Having initiated a thread,The worst engineer I encountered,I thought it behoves all the contributers 
to own up to some of their own blues.So I'll start.
Under the steering flat was a small diesel pump apparently to be used to pump out any leakage from
the rudder gland.On discovering this pump ,being a conscientious engineer,Idecided to test it.The 
diesel started at first try but we couldn't get suction.The pump discharged to either the "water on deck line"or overboard.I used the "water on deck"line to charge the pump and all worked excellently.
It being knock-off time we headed shore-side to give the local girls the pleasure of our company.
Returning to the pump the next day we found it under water and no where to drain it to.I think I must have forgotten to close the line to the "water on deck"line and the G/S pump had been started for early morning wash down.Fortunately the Mate had a lifeboat in the water and so we ran an extension lead from the steering flat and drilled a 5/8 hole underneath the compartment and let gravity do its thing.
24 hours later the pump was out of water,and on a whim I decided to give it a run.Unbelievably it worked
first go.Well I thought another triumph for a second engineer's ingenuity.
I then told one of the Juniors "to drain the water out and refill it" And thats exactlywhat he did.
Next time in port we revisited the unit and found it siezed solid.The Junior had done exactly what I'd
told him to do ,but I'd neglected to tell him what to refill it with!!So he refilled it with water.
I think we wrote the diesel off as"heavy water damage"
By the way I did remembered to plug the hole.
I was always more concise in my directions to Juniors after that.
JimGarnett


----------



## Klaatu83 (Jan 22, 2009)

The worst engineer I ever sailed with had to have been a 1st Engineer we once had on the old USNS Pvt John R. Towle. That was back when I was sailing for the Military Sealift Command, which was the U.S. equivalent of Britain's R.F.A. The 1st originally came from Trinidad, and I recall there being some reason to believe that his citizenship papers might not have been entirely legitimate. That didn't particularly bother anybody, however, because there were always a lot of crewmembers like that on Military Sealift Command ships in those days. As I recall, during that same voyage our Chief Engineer came from Norway and our Captain was a Serb. 

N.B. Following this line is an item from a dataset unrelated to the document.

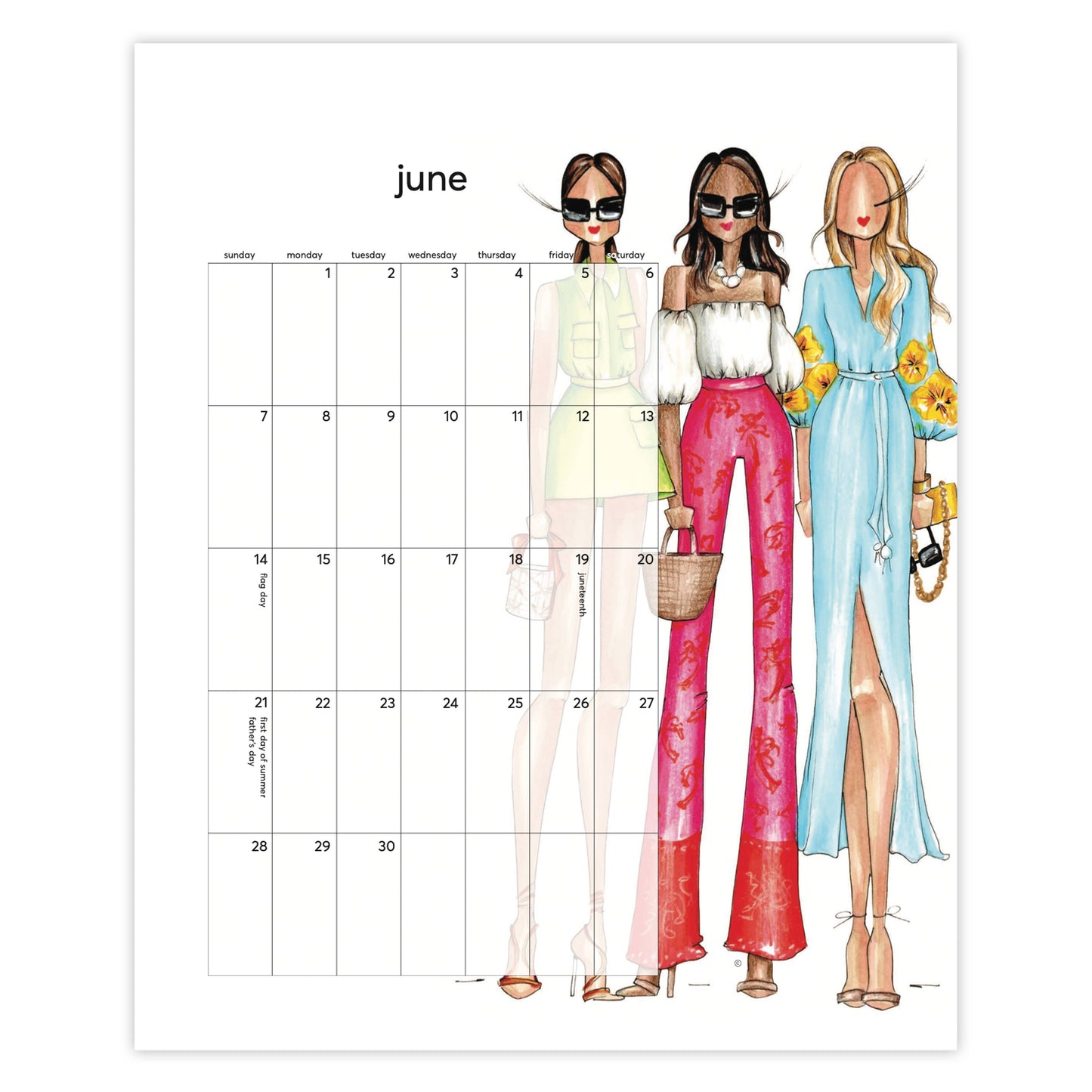 Fashionista 2026 Wall Calendar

The 1st had previously sailed as 2nd Engineer on that same ship, during which period he got kicked off the ship for pumping fuel oil over the side into new York Harbor. He wasn't fired, however. You literally had to take a fire ax to the Captain to get fired from MSC in those days. I once heard about a guy who actually did get fired, but only after he had set fire to the ship FOR THE SECOND TIME. 

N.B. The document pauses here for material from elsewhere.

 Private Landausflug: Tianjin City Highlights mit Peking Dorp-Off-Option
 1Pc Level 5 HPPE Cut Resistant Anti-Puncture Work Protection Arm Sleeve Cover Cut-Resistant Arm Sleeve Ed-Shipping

In any case, the current 1st Engineer got fed up and walked off the ship just as she was preparing to sail overseas. MSC needed a replacement fast, and the former 2nd Engineer just happened to be the only guy available at short notice. 

The things that man did boggled the mind. once, in the middle of the Atlantic Ocean, he deliberately tripped the emergency fuel cut off. that sent the engineer on watch desperately running around the engine room trying to figure out why the boilers were shutting down around him. While we were docked in Scotland the Chief Engineer, who was Norwegian, decided to fly home for a few days, and he left the 1st in charge. While he was gone the 1st began dismantling one of the boilers in order to overhaul it, and then couldn't figure out how to put it back together again. When the Chief came back he found the 1st trying to sort out the mess that he'd made in the bottom of the boiler room, while the other engineers were standing around laughing at him. Things got so bad that one of the watch-standing engineers told me that he actually threatened to punch the 1st's lights out if the 1st dared to set foot in the engineroom while he was on watch.


----------



## JoK (Nov 12, 2006)

Worse I did?
DC electric drive ship. We dropped anchor and I knocked the bridge control off. We were only to be anchored for a short time so I left theplant running and revved up the diesels so they wouldn;t be idling.
5 minutes later, there was a couple of panic stricken pages in the IC system, Captain to the bridge, bosun to the foscle and a call for telegraphs.
Then the Chief rolled into the control room. I had forgot to take off the exciters before revving the engines up. The mate had looked out the window and realized we were steaming upriver towards the bridge dragging the anchor.
Ooppps
I had only just started at that time.


----------